2014年6月7日土曜日

普通の人たち


内田洋子氏「皿の中のイタリア」(講談社)を読む。内田氏はイタリア在住の作家である。イタリアでの自分の周りの人との交流をエッセイにしている。特になにを言いたいでもなく、つづられているが、なかなか面白い。以下一部紹介する。
「刺激のある仕事がなくて。冬場は、撮影も限られるし」
海洋生物を専門とするカメラマンであるミ-ナは、常夏の海にでも行く依頼が入らない限り、冬場はミラノでおとなしく写真の整理作業をしていることが多い。根気のいる地味な作業で、日の差さない町の室内に閉じこもり、カメラを持たずに事務作業ばかり続けているうちに、気持ちがだんだん塞いでくる。
「このままだといずれ春が来ても、肝心の撮影意欲とセンスがなくなっているかもしれない」 暗い声で電話があった。
仕事のないときは、時間がある。それでは習作も兼ね、テーマを決めて撮り溜めをし、展覧会でも開くというのはどうだろう、と言ってみる。彼女は大いに乗り気だったので、イワシを食べながらその話の続きをするつもりである。
揚げる端から次々とイワシを口に運び、揚げ上がるのを待つ間に、白ワインを飲む。
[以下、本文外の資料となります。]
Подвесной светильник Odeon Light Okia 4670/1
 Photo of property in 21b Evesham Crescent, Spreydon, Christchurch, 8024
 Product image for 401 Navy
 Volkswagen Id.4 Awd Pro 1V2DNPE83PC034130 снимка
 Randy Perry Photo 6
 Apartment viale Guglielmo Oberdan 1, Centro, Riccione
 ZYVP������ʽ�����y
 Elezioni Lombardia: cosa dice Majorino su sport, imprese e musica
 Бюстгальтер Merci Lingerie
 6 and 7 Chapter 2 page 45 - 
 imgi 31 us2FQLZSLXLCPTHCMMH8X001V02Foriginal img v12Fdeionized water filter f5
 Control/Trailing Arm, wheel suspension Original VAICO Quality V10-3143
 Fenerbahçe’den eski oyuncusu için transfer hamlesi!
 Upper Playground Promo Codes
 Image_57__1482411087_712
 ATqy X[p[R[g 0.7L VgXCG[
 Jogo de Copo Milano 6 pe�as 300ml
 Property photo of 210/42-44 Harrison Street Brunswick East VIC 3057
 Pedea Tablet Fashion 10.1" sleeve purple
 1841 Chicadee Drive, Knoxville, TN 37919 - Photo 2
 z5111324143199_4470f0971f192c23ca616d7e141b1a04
名もない瓶詰めにしたてのワインで、日本では(ノベッロ新種入荷)と看板まで出たりする騒がれようだが、イタリアでは進んで買おうという人はいない。味が定まるにはまだ早い、これからのワインだからである。箱買いしても外れが多いこともあり、博打のようで面白い。廉価で、当たるも八卦、当たらぬも八卦、で栓を抜く。
熱々のイワシからジュツと汁が飛び出す。あっちちと慌てて、ゴクリと飲む。
「撮りたいのは、普通の人たちよ」二十尾目くらいを頬張りながら、ミ-ナが言う。
海洋生物を専門に撮り始める前は、彼女はファッション業界に名の知れたカメラマンだった。長身で青みがかった緑色の目をした彼女は、撮影現場に行くと必ずモデルと間違えられるほどだった。四十半ばの現在でも十分に美しくむしろ今のほうがさばけて醒めた気配がさぁり、さらに魅力的である。こんなカメラマンが来たら、年端のいかないモデルはすっかり色褪せてしまったことだろう。
ファッションや広告業界の、上っ面ばかりを追う仕事にすっかり嫌気がさし、海洋生物へと被写体を替えてしまう。
「同じ生き物でも、魚介類なら声も出さないから」
海に潜り、浜を歩き、潮風に吹かれて、海草や魚ばかりと過ごしているのである。「着せ替え人形みたいなモデルばかり撮っていた頃は、人間には全然興味がなかったけれど、最近、着飾らなくてもいいような人たちをぜひ撮ってみたくなったの」
ロブスターやウニから人間、というのはやや飛躍があるものの、彼女が海の生き物を撮るように人間を写すとどうなるのか、ぜひ見てみたいと思った。
「提案したのだから、あなたも手伝ってくれるわね 白ワインの二本目を空けて、私たちは習作のための計画を練った。これから毎日、二人で散歩に行く、というのが計画の第一歩である。
私は、よく韓国へ行く。よく周りの人から「何しにそんなに行くの?」と問われる。その時は、次のように答える。「普通の人が、一所懸命生きている、人間の営みを見るのが好きだから」それが、韓国では日本よりも実感できるから。もう少し年をとると、日本の田舎をまわってみたいと思っている。そんなことを考えさせてくれる本であった。